Available data
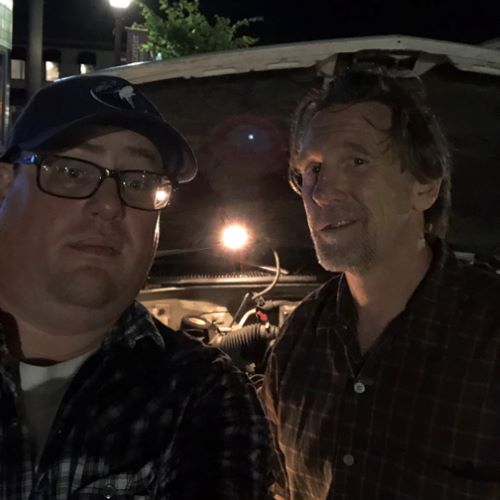 Eric "E Lars" Larson and Eric "E Man" Hendrickson posing outside by the sidewalk at night with a vehicle with the hood up in the background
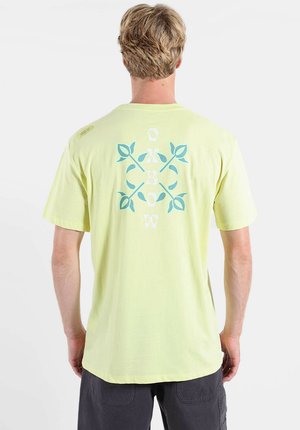 T-shirt en coton jaune clair avec un motif de feuilles et le texte "OKBOW" au dos. Manches courtes avec un accent sur l'épaule.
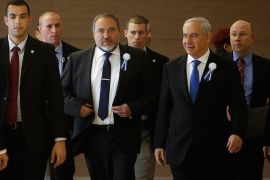 Israel's Prime Minister Benjamin Netanyahu and former foreign minister Avigdor Lieberman (3rd L) arrive to a Likud-Beitenu faction meeting at parliament in Jerusalem February 5, 2013. Israel's President Shimon Peres on Saturday formally called on Netanyahu to assemble a new coalition following the Jan. 22 general election in which Netanyahu's rightist Likud-Beitenu emerged as the biggest party. REUTERS/Baz Ratner (JERUSALEM - Tags: POLITICS)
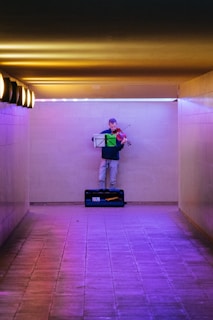 A person stands in an underground passage, playing a violin. They are positioned against a wall, with a music stand in front of them holding sheet music. The corridor is illuminated with warm yellow overhead lights on one side and purple lighting on the floor and lower part of the wall.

Exercise prompt
Skip the pictures; extract only the lines from the line with "T-shirt en coton" through the final line of the material, exactly as they appear.

Answer section
 T-shirt en coton jaune clair avec un motif de feuilles et le texte "OKBOW" au dos. Manches courtes avec un accent sur l'épaule.
 Israel's Prime Minister Benjamin Netanyahu and former foreign minister Avigdor Lieberman (3rd L) arrive to a Likud-Beitenu faction meeting at parliament in Jerusalem February 5, 2013. Israel's President Shimon Peres on Saturday formally called on Netanyahu to assemble a new coalition following the Jan. 22 general election in which Netanyahu's rightist Likud-Beitenu emerged as the biggest party. REUTERS/Baz Ratner (JERUSALEM - Tags: POLITICS)
 A person stands in an underground passage, playing a violin. They are positioned against a wall, with a music stand in front of them holding sheet music. The corridor is illuminated with warm yellow overhead lights on one side and purple lighting on the floor and lower part of the wall.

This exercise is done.